A couple weeks ago I was in Detroit for the first time in several years. If you’ve never been to Detroit but want to get the same experience go to a local video store and rent the cheesy John Carpenter film, “Escape from New York.” The cityscape of Carpenters’ futuristic New York isn’t that different from Detroit (the Detroit Free Press/Detroit News building, for example, has enormous fences and brick walls as protection and looks more like an armed fortress than a newspaper).
Ironically Detroit police can’t seem to do much about crime even though they routinely violate the civil rights of suspects and now, it turns out, witnesses as well. The Detroit Free Press reported this week that last year a federal prosecutor contacted Detroit police chief Benny Napoleon to warn him that his department’s policy of arresting witnesses to crimes was unconstitutional.
Apparently the police have a written policy such that when investigating murders they arrest witnesses, family members and anyone else in any way contacted with the crime on top of arresting any suspects. As Michael Steinberg of the American Civil Liberties Union tells the Free Press, “Arresting people and interrogating them without probable cause to believe they committed a crime is a blatant violation of the Fourth Amendment.” Witnesses can apparently be arrested if they are likely to flee, but this requires the approval of a judge. Detroit cops were simply arresting everyone in the vicinity, taking them down to the police station for interrogation, and then releasing them — sometimes not until several days later.

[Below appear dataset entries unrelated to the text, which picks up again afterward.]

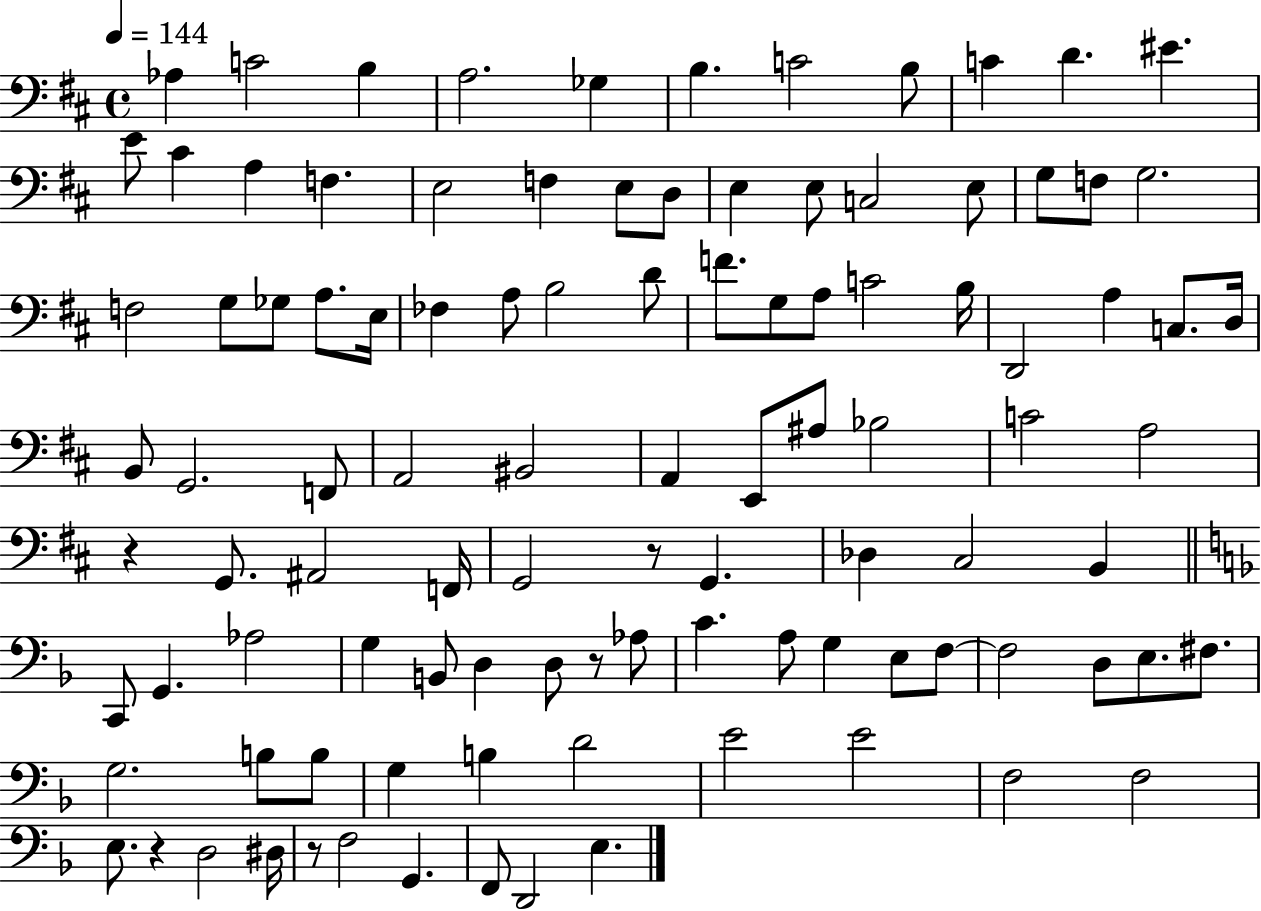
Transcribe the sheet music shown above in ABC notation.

X:1
T:Untitled
M:4/4
L:1/4
K:D
_A, C2 B, A,2 _G, B, C2 B,/2 C D ^E E/2 ^C A, F, E,2 F, E,/2 D,/2 E, E,/2 C,2 E,/2 G,/2 F,/2 G,2 F,2 G,/2 _G,/2 A,/2 E,/4 _F, A,/2 B,2 D/2 F/2 G,/2 A,/2 C2 B,/4 D,,2 A, C,/2 D,/4 B,,/2 G,,2 F,,/2 A,,2 ^B,,2 A,, E,,/2 ^A,/2 _B,2 C2 A,2 z G,,/2 ^A,,2 F,,/4 G,,2 z/2 G,, _D, ^C,2 B,, C,,/2 G,, _A,2 G, B,,/2 D, D,/2 z/2 _A,/2 C A,/2 G, E,/2 F,/2 F,2 D,/2 E,/2 ^F,/2 G,2 B,/2 B,/2 G, B, D2 E2 E2 F,2 F,2 E,/2 z D,2 ^D,/4 z/2 F,2 G,, F,,/2 D,,2 E,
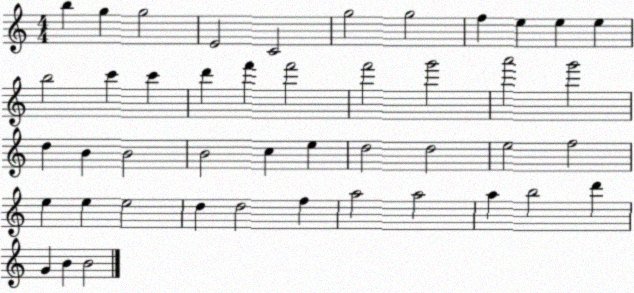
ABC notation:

X:1
T:Untitled
M:4/4
L:1/4
K:C
b g g2 E2 C2 g2 g2 f e e e b2 c' c' d' f' f'2 f'2 g'2 a'2 g'2 d B B2 B2 c e d2 d2 e2 f2 e e e2 d d2 f a2 a2 a b2 d' G B B2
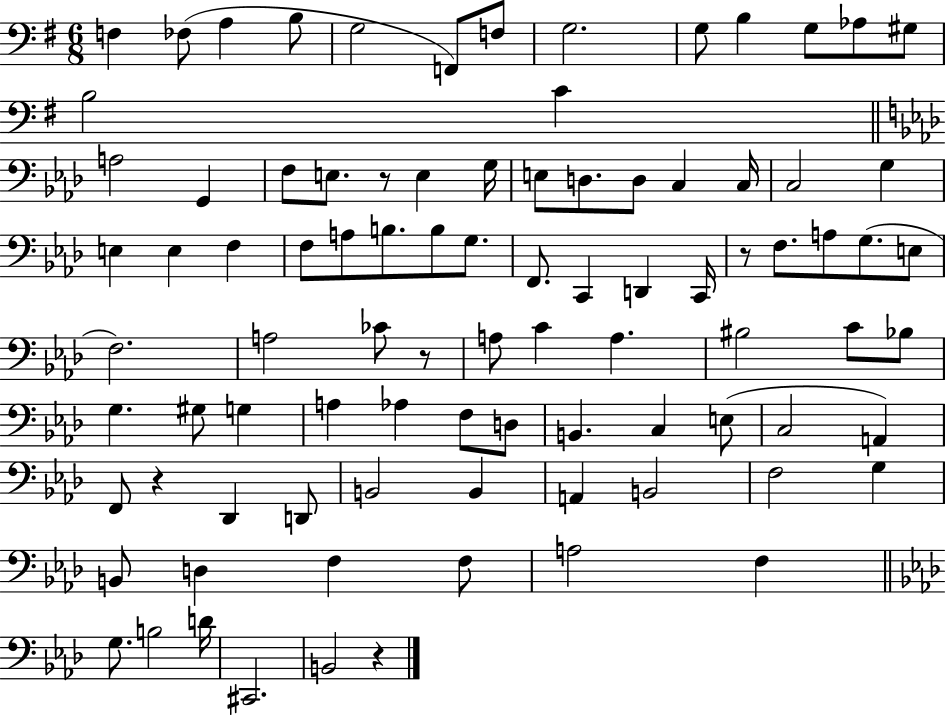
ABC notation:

X:1
T:Untitled
M:6/8
L:1/4
K:G
F, _F,/2 A, B,/2 G,2 F,,/2 F,/2 G,2 G,/2 B, G,/2 _A,/2 ^G,/2 B,2 C A,2 G,, F,/2 E,/2 z/2 E, G,/4 E,/2 D,/2 D,/2 C, C,/4 C,2 G, E, E, F, F,/2 A,/2 B,/2 B,/2 G,/2 F,,/2 C,, D,, C,,/4 z/2 F,/2 A,/2 G,/2 E,/2 F,2 A,2 _C/2 z/2 A,/2 C A, ^B,2 C/2 _B,/2 G, ^G,/2 G, A, _A, F,/2 D,/2 B,, C, E,/2 C,2 A,, F,,/2 z _D,, D,,/2 B,,2 B,, A,, B,,2 F,2 G, B,,/2 D, F, F,/2 A,2 F, G,/2 B,2 D/4 ^C,,2 B,,2 z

And of course since this is Detroit, even the fact that the city was paying thousands of dollars to settle civil suits over the practice didn’t motivate Napoleon to put a stop to it. According to the Free Press, Detroit last year settled a false arrest suit for $500,000, and yet the policy remained in place.
Police had been warned: U.S. prosecutor and chief discussed witness arrests. David Ashenfelter and David Zeman, Detroit Free Press, March 22, 2001.